Several years ago I enjoyed a fantasy in which English Literature disappeared from school curricula and was replaced by something much more inclusive. When I saw some of the suggestions in the English Orders (I’m talking about 2000?), I could see the possibilities of different kinds of work, investigating genre fictions across media. I thought it might be fun to study Edgar Allan Poe and Wilkie Collins as authors and explore both their influence on crime fiction and the adaptations of their work in films and on the stage.

Fat chance, eh? The thought police seem to be on the prowl again, attempting to restrict what KS4 students read. If Film and Media students can study Pirates of the Caribbean and sitcoms, why can’t literature students study crime fiction or science fiction? John Mullan has recently had a couple of interesting Guardian pieces exploring Ian Rankin’s Fleshmarket Close as part of the Guardian’s Book Club.

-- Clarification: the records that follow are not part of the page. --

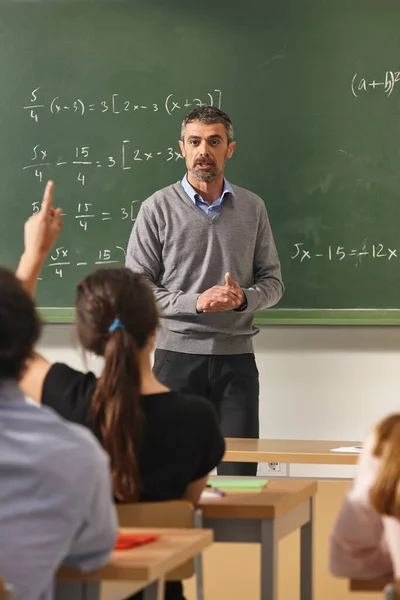 Matematiklärare Ger Lektioner Klassrum Med Elever Skolutbildning — Stockfoto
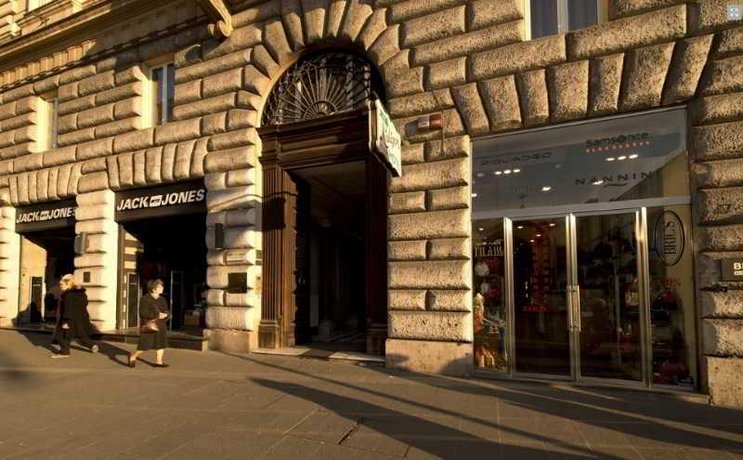 Esposizione Palace Hotel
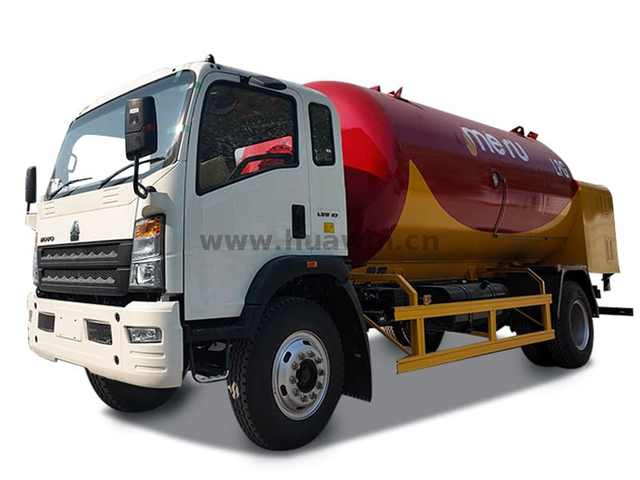 SINOTRUK HOWO 4X2 GAS TAND BOBTAL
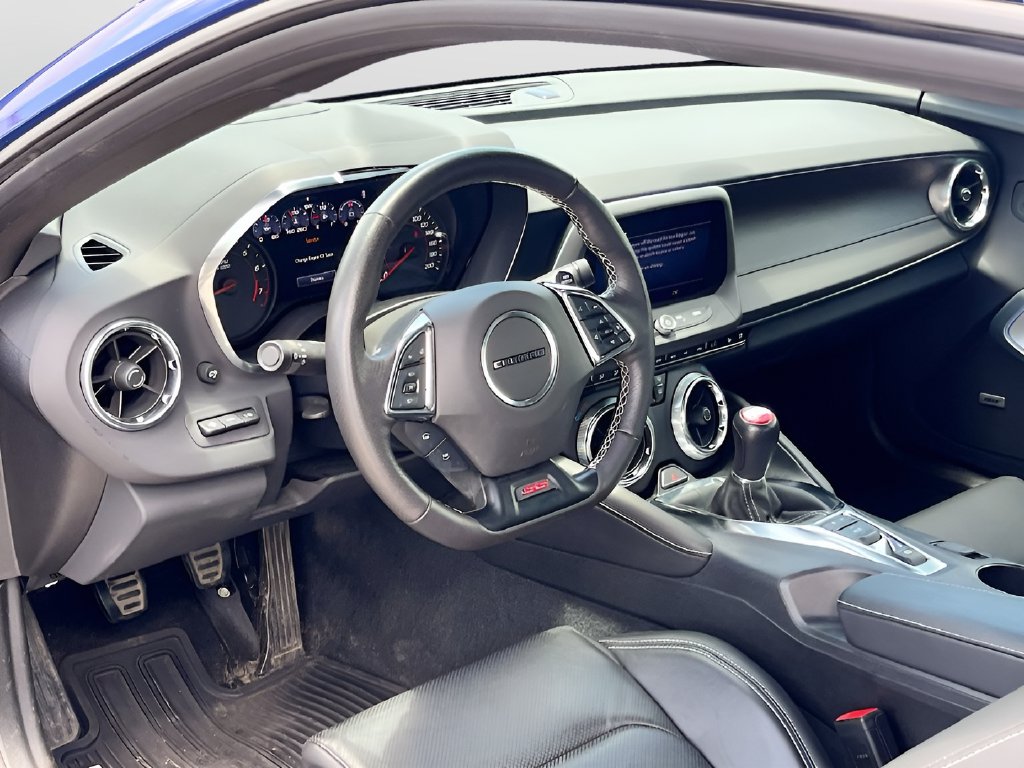 2023 Chevrolet Camaro photo 9 of 31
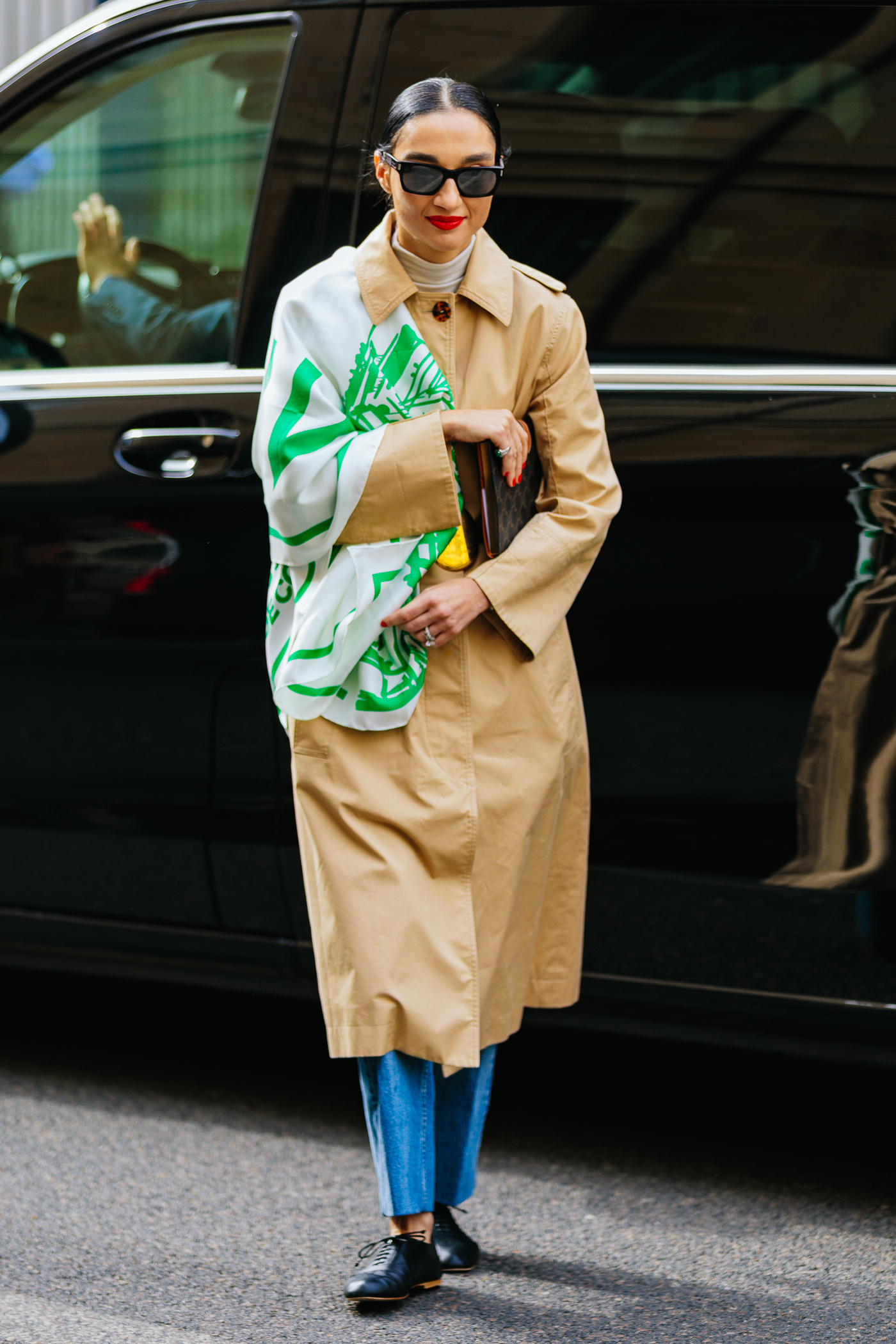 Scarf dressing: Στο street style του Παρισιού φορούν μαντήλια με κάθε πιθανό τρόπο-1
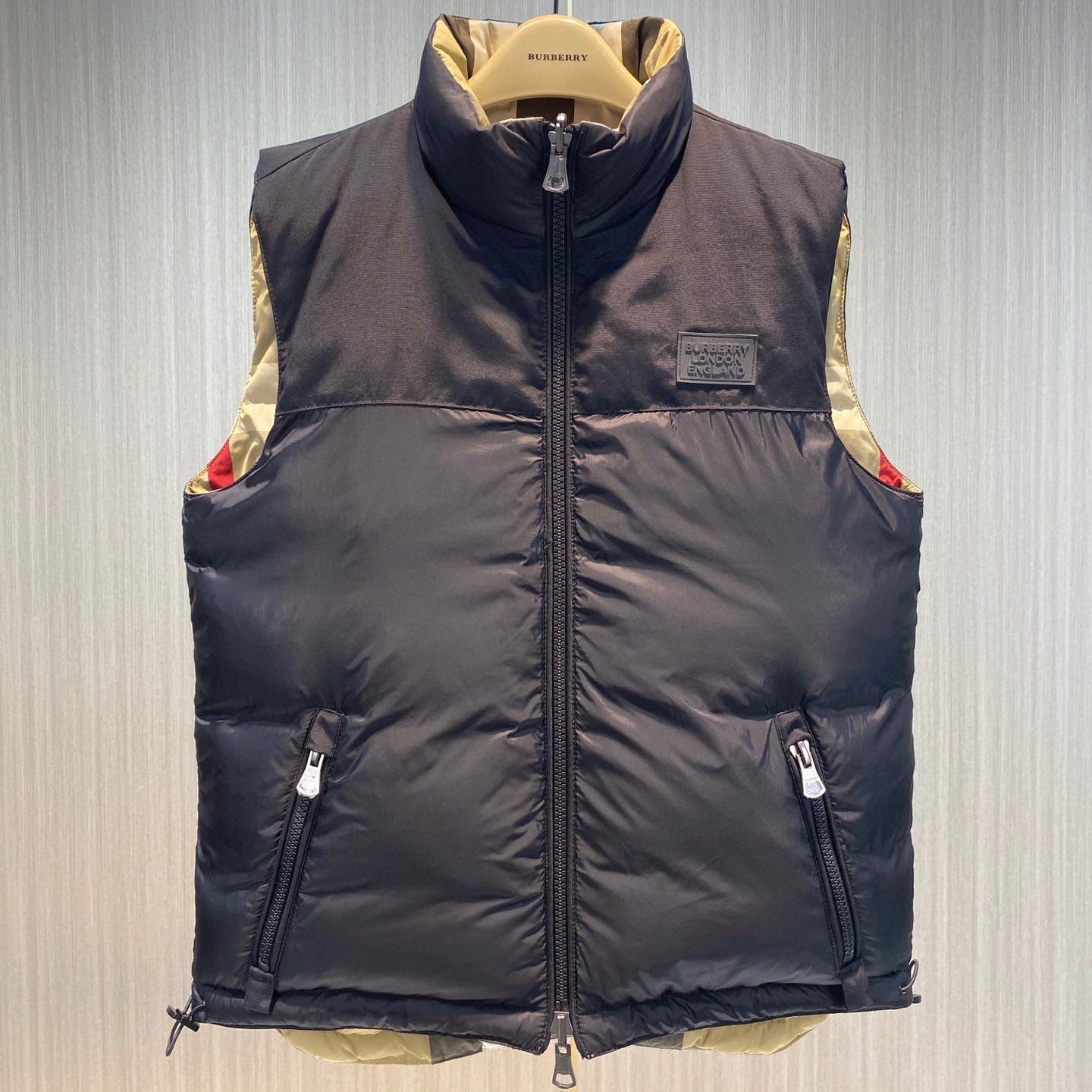 (PRE-ORDER) BURBERRY - REVERISBLE GILET - BLACK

It’s OK to do things like this at degree or postgraduate level — why not at 14 or 17?

Studying genres in literature would enable students to learn more about narrative structure, about typing and about social context. (I think I’ve learned a lot about different milieu from reading crime fiction.) I suspect that the range of reading students do at school is narrower than it needs to be.

The other great advantage of genre fiction is that it can be universal. I’ve enjoyed crime novels written in many languages. Having read most of the wonderful Henning Mankel novels from Sweden, I enjoyed the Norwegian writer Jo Nesbo’s The Devil’s Star this summer. A good translator allows access for readers of popular cultures across the world and I think I could argue that this is as important as introducing students to foreign language cinema. And why stop at crime? A good dose of vintage 1950s P.K. Dick would be good for most students.

3 responses to “Watching the detectives

  1. I agree that Lit. students should be able to do genre texts (long ago there was an AEB (666?) Eng Lit spec that allowed students to do anything of their choice for coursework (it was great). From a Media Studies perspective I’d like to do more reading books with students; but there’s the expense of books and also an implicit sense that books are part of the subject.English’s suffering, however, protects Media a little. The traditionalists can be assured that ‘real’ subjects are constrained by the high culture prejudice and so not worry (too much) about the popular culture we study.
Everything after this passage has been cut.